2 Ausstellungsprojekte im Museum Burg Linn vom 8. Oktober 2017 – 4. März 2018
DIE LETZTE REISE – Jenseitsvorstellungen im Wandel
Paradies, Hölle, Wiedergeburt, das „Nichts“, was kommt nach dem Tod? Auf welche Reise begibt sich der Mensch, wenn er gestorben ist? Auf die Fragen, die seit Menschengedenken vielfach gestellt wurden und werden, fanden die Menschen in den vergangenen Jahrtausenden die unterschiedlichsten Antworten. Dabei ist die Vorstellung von einem Leben nach dem Tod weitverbreitet. Davon zeugen bereits die antiken Sagen oder das ägyptische Totenbuch. Griechen und Römer, Juden und Christen haben jeweils ihre eigenen Vorstellungen vom Jenseits entwickelt.

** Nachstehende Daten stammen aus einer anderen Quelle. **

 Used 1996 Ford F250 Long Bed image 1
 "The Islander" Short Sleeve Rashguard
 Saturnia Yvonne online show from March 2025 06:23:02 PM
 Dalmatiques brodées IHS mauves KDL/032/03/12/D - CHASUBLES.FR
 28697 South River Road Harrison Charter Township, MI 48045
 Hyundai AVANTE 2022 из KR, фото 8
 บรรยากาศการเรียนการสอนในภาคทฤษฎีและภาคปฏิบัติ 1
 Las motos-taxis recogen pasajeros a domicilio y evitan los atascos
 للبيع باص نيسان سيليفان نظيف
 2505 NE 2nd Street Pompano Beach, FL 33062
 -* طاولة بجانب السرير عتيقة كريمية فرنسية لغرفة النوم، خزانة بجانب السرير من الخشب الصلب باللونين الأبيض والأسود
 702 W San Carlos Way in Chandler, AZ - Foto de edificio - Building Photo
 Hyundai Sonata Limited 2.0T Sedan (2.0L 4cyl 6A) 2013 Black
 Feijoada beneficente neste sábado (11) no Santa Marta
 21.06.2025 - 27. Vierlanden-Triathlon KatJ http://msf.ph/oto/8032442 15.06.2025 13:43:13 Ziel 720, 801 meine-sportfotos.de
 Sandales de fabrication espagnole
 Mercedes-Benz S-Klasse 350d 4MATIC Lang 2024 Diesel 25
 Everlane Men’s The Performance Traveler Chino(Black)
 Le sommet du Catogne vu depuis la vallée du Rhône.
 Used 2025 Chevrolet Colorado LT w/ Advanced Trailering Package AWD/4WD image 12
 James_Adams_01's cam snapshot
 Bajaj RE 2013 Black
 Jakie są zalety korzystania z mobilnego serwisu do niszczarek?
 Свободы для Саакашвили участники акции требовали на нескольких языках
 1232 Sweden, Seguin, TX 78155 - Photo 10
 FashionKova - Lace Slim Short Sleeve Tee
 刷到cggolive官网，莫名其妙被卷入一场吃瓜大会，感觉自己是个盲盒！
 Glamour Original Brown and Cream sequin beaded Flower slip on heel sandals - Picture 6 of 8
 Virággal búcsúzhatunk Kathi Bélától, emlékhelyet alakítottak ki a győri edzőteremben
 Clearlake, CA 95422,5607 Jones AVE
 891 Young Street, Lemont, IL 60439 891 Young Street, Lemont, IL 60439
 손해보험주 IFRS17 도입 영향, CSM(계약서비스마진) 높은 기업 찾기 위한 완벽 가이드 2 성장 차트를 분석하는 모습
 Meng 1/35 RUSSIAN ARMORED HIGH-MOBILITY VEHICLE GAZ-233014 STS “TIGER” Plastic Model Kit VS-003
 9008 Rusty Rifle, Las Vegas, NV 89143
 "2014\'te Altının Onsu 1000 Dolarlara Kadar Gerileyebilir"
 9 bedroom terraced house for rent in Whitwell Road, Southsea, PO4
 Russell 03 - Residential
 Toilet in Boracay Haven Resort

Die zahllosen Gräber und Hinterlassenschaften von Bestattungen, die auch im Museum Burg Linn gezeigt werden, zeugen von den in den Zeitläuften sich ändernden Jenseitsvorstellungen der Menschen bis in unsere Tage.
Die einzelnen Stationen:
1. Eisenzeitliches Hügelgrab im archäologischen Museum
2. Glaube, Kult, Jenseits in der Welt der Römer im archäologischen Museum
3. Römische Gräber / Grabsitten /
das römisch-fränkische Gräberfeld in Krefeld-Gellep im archäologischen Museum
4. Fränkische Fürstengräber; die Franken im Jenseits
Das Fürstengrab des Arpvar im archäologischen Museum
Der christliche Glaube an das Jenseits in der Zeit Ottos von Linn (um 1200)
In der Burg
Margaretenplatz
Ehrenhalle
8. Humanismus, Naturwissenschaften, Aufklärung
Neuzeitliche Jenseitsvorstellungen
Grabsteine am Jagdschloss
9. Neuzeitliche Jenseitsvorstellungen
Alter Linner Friedhof vor dem Bunker
10. Jüdische Jenseitsvorstellungen
Der jüdische Friedhof in Linn, Kreuzweg
SIEBEN SÄRGE – Es gibt einen Tod nach dem Leben
Ein Projekt des Künstlers Gerhard Rossmann
Die letzte Behausung des Menschen ist ein kleiner Raum. Ein Zimmer aus Kiefer-, Fichten-, Eichenbrettern. Ruhestätte. Keine Tür, kein Fenster. Ein Raum zum Verwesen, zur Auflösung. Zur Erlösung. Tod, tot. Draußen: Trauer, Anteilnahme, Aufbahrung, Beerdigung. Nachruf, Würdigung. Nachkommen, ein Erbe hinterlassen. Das Leben geht weiter, der Tod auch.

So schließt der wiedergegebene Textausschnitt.